08 September 2012

As Leslie and Michael head north, new disturbance brews off Africa


 Leslie remains a strong tropical storm, but appears to be on an upward swing today.  It has finally started moving, and is now roughly 250 miles southeast of Bermuda and heading north at 7kts.


With the increased forward speed, it also finally crept into better radar range from Bermuda.  I have a long radar loop available that will continue to add frames as the storm approaches and passes about 160 miles east of the island midday on Sunday (click here). The outer rainbands are already in range, and the developing eyewall should be in range shortly.

After passing by Bermuda tomorrow, it has a 3-day journey to get up to Newfoundland for its next close encounter, then could potentially interact with Michael prior to becoming an extratropical cyclone over the cold northern Atlantic Ocean.  A tropical storm warning is in effect for Bermuda.

Michael has made a bit of a comeback in its satellite presentation today, and remains a 90kt Category 2 hurricane.  Yesterday, the eye filled, the outflow was more asymmetric, and the circulation appeared more elliptical rather than circular, but today it looks a bit healthier... temporarily.


Hurricane Michael is 1100 miles southeast of Newfoundland, and is forecast to gradually weaken as it heads N-NW toward Newfoundland over the next few days.  Again, it will be interesting to see if any sort of binary vortex interaction (Fujiwhara effect) takes place with Leslie and Michael, but it would be on Tuesday-Wednesday, so we have time to keep an eye on that. 

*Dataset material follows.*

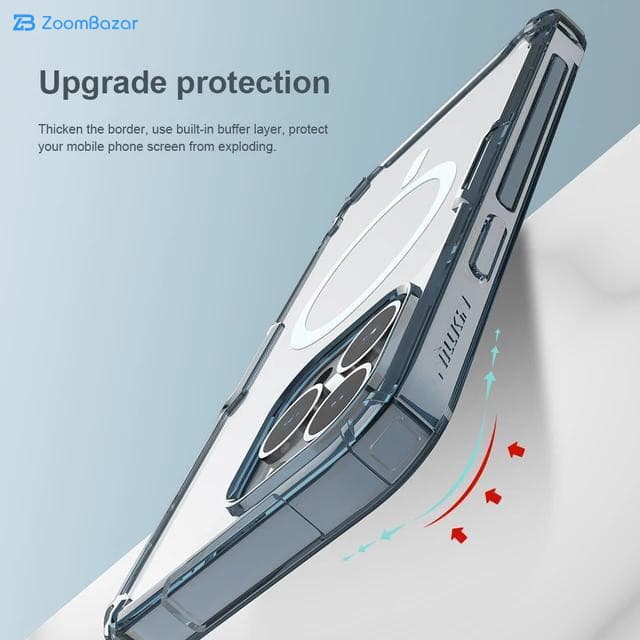 قاب نیلکین مدل Nature TPU Pro Magnetic مناسب برای گوشی موبایل اپل iPhone 15 Pro — تصویر ۲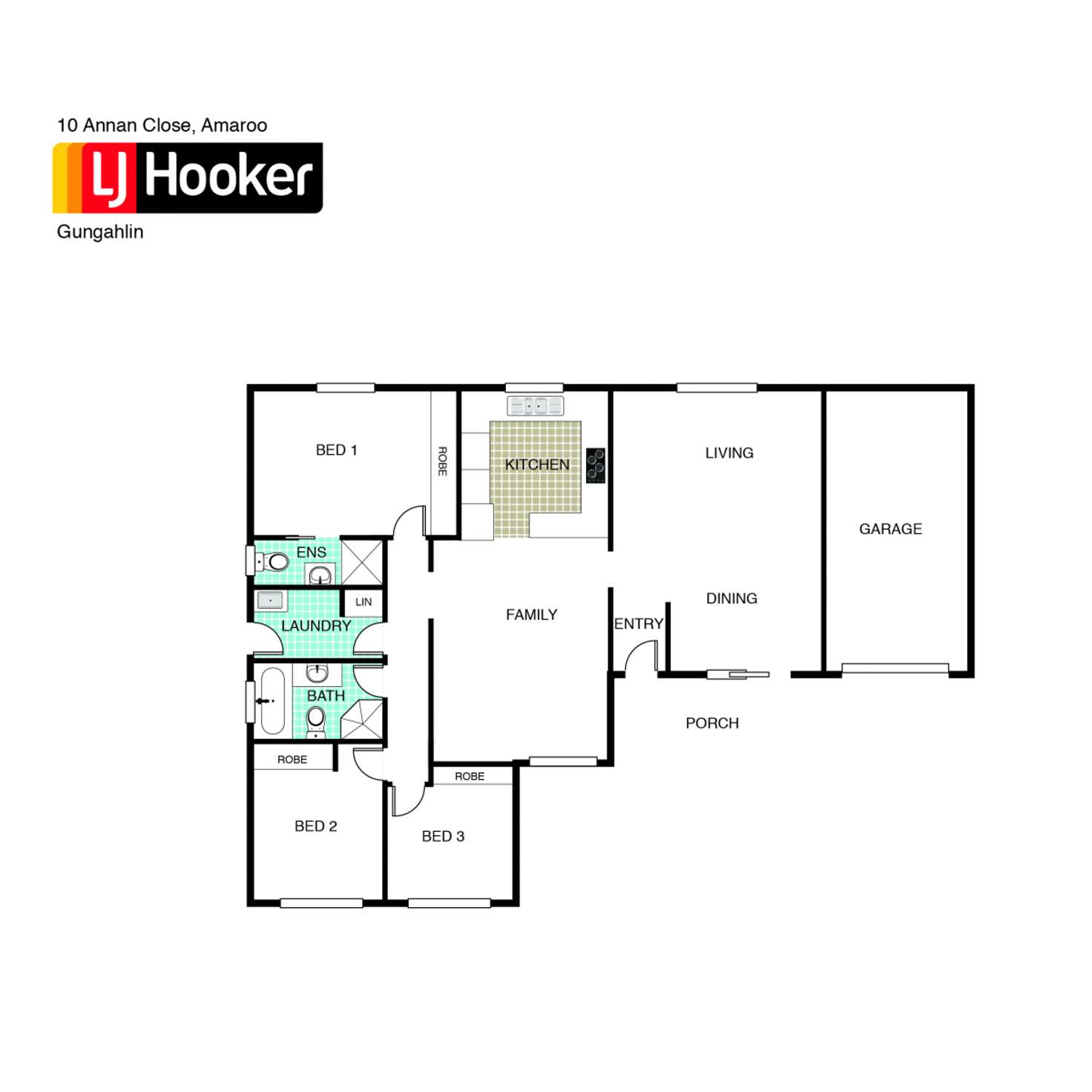 Floorplan of Homely house listing, 10 Annan Close, Amaroo ACT 2914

And finally, to the disturbance off the coast of Africa that I mentioned the past couple of days.  The wave has an embedded 1008mb Low centered over the southern Cape Verde islands.  Models continue to be very bullish on this system, bringing it up to a hurricane in 4-5 days.  That may be a little too aggressive, but at any rate, models also agree on it recurving by the time it reaches 50-55W... far from affecting land.  The biggest factor working against it now is the dry Saharan Air Layer to its north, which you can see on this image as the milky air streaming off the continent (you're actually seeing tons of suspended fine dust acting as tracers in the dry air).  The next name on the list is Nadine.